Psychiatrist Peter Breggin Keynoted at PTSD and Traumatic Brain Injury Conference

Peter R. Breggin, M.D. was the keynote speaker at the 2010 PTSD and Traumatic Brain Injury Education and Awareness Conference in Charleston, West Virginia, focusing on the hazards of psychiatric drugs.

Online PR News – 18-August-2010 – – Author and psychiatrist Peter R. Breggin, M.D. was the keynote speaker at the 2010 PTSD and Traumatic Brain Injury Education and Awareness Conference in Charleston, West Virginia. Dr. Breggin’s presentation focused on the hazards of prescribing psychiatric drugs, especially antidepressants and psychiatric polydrug prescriptions to active duty military personnel and veterans.

He stated that many soldiers during and after their deployment suffer from symptoms of Post Traumatic Stress Disorder and emphasized that PTSD is actually the normal human reaction of soldiers who have been exposed to combat.

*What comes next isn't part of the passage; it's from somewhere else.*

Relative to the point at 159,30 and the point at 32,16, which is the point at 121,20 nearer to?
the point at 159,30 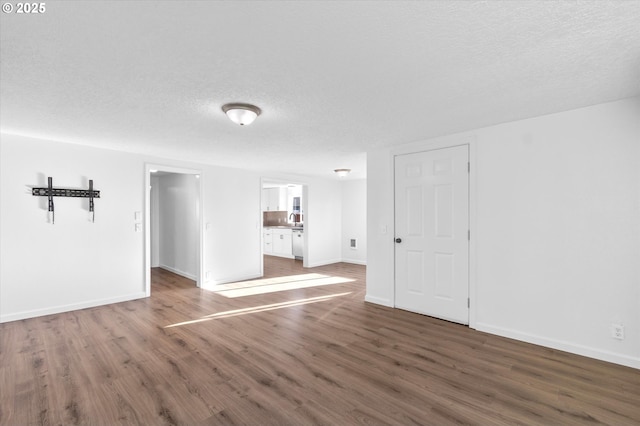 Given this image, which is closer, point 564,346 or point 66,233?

Dr. Breggin indicated that many symptoms of PTSD involve a state of hyper-arousal with anxiety, insomnia, irritability, anger, and emotional instability. The antidepressant drugs frequently cause a very similar spectrum of adverse effects, compounding and worsening the soldiers' natural reactions to trauma. He urged the military service providers present to continue the development of more human service oriented approaches for soldiers in distress--a theme that was repeated by others throughout the conference.

Biological psychiatry, unlike medicine in general, tends to make people worse, according to Dr. Breggin. He said, “In my clinical practice, I often remove patients from psychiatric drugs. The process can be hazardous, especially if the individual has been exposed for many months or years, and should be done carefully under experienced clinical supervision. But despite the difficulty involved in withdrawing some patients, in my clinical experience almost everyone does better off psychiatric drugs than on them, especially when they are offered empathic therapy by a caring and experienced professional, he concluded.” Dr. Breggin’s most recent book is Medication Madness: The Role of Psychiatric Drugs in Cases of Violence, Suicide, and Crime.

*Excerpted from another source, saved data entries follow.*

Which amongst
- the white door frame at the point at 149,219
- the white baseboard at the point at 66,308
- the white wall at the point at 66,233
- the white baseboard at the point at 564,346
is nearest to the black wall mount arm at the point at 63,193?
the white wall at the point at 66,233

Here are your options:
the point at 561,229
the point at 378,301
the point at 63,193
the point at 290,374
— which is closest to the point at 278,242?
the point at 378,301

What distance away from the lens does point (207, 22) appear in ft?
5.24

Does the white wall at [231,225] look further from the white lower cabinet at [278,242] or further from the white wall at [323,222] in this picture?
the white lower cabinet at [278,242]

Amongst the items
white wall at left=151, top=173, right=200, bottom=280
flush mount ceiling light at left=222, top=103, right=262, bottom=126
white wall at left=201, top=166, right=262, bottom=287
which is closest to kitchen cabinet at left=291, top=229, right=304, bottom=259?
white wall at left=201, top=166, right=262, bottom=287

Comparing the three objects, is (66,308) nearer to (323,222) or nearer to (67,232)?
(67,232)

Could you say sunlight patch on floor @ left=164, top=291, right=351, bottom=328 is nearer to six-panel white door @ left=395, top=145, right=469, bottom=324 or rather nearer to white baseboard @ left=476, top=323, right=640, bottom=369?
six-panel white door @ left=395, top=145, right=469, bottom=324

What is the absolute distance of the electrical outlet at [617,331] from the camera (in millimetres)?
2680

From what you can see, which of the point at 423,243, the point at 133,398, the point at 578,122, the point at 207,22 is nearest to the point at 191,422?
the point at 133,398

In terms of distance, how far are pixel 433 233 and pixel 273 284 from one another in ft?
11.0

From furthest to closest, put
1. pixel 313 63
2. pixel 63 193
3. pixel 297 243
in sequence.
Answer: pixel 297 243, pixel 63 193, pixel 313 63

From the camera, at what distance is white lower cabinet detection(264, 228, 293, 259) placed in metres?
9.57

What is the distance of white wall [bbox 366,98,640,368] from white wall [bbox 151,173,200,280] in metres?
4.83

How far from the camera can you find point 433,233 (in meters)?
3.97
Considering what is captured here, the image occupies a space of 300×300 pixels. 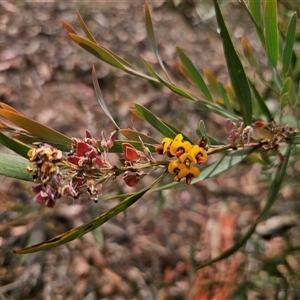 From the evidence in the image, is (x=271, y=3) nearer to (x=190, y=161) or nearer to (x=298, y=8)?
(x=190, y=161)

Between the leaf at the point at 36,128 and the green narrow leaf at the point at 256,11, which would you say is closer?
the leaf at the point at 36,128

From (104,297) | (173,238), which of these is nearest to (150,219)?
(173,238)

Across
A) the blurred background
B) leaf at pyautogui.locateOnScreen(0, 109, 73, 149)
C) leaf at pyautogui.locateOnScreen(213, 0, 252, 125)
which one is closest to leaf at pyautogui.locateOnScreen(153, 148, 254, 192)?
leaf at pyautogui.locateOnScreen(213, 0, 252, 125)

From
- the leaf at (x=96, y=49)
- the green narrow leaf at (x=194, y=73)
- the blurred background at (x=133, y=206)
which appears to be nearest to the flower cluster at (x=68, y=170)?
the leaf at (x=96, y=49)

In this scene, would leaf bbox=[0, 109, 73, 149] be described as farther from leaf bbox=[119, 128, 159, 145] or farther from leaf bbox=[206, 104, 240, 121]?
leaf bbox=[206, 104, 240, 121]

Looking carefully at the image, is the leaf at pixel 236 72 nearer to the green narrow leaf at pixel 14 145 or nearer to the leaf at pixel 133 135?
the leaf at pixel 133 135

All classes of psychiatric drugs can cause grave difficulties including SSRI antidepressants such as Prozac, Paxil, Luvox, Zoloft, Celexa, Lexapro, Effexor, Cymbalta and Wellbutrin. The so-called antipsychotics are another especially dangerous class including Abilify, Clozaril, Geodon, Invega, Risperdal, Seroquel, Symbyax (combined Zyprexa and Prozac) and Zyprexa. Stimulant drugs such as Adderall, Ritalin, and Vyvanse among others, and sedative, hypnotic and anxiolytic drugs (tranquilizers and sleeping pills) can also cause difficulties, especially when mixed with other psychiatric drugs. None of these drugs are without possible dangerous adverse effects and blunt the brain, judgment, and response time.

The conference was sponsored by Care-Net, a branch of the state Council of Churches, at the Blessed John XXIII Pastoral Center in Charleston, along with “Lest We Forget,” a PTSD Family & Military Support created by Tom and Diane Vande Burgt. The Vande Burgts were responsible for putting Dr. Breggin in touch with Care-Net representative Rev. Ricardo Flippin, himself a veteran.

Dr. Breggin spoke about the new Center for the Study of Empathic Therapy and several of the organizers and attendees expressed an interest in attending the first Empathic Therapy Conference, April 8-10, 2011 in Syracuse, NY. “We are just delighted to have made so many new friends and met so many colleagues who share our concerns for our brave men and women of the military,” said Ginger Breggin, Executive Director of the Empathic Therapy Center and wife of Dr. Breggin. She concluded, “You can reach us at our website,”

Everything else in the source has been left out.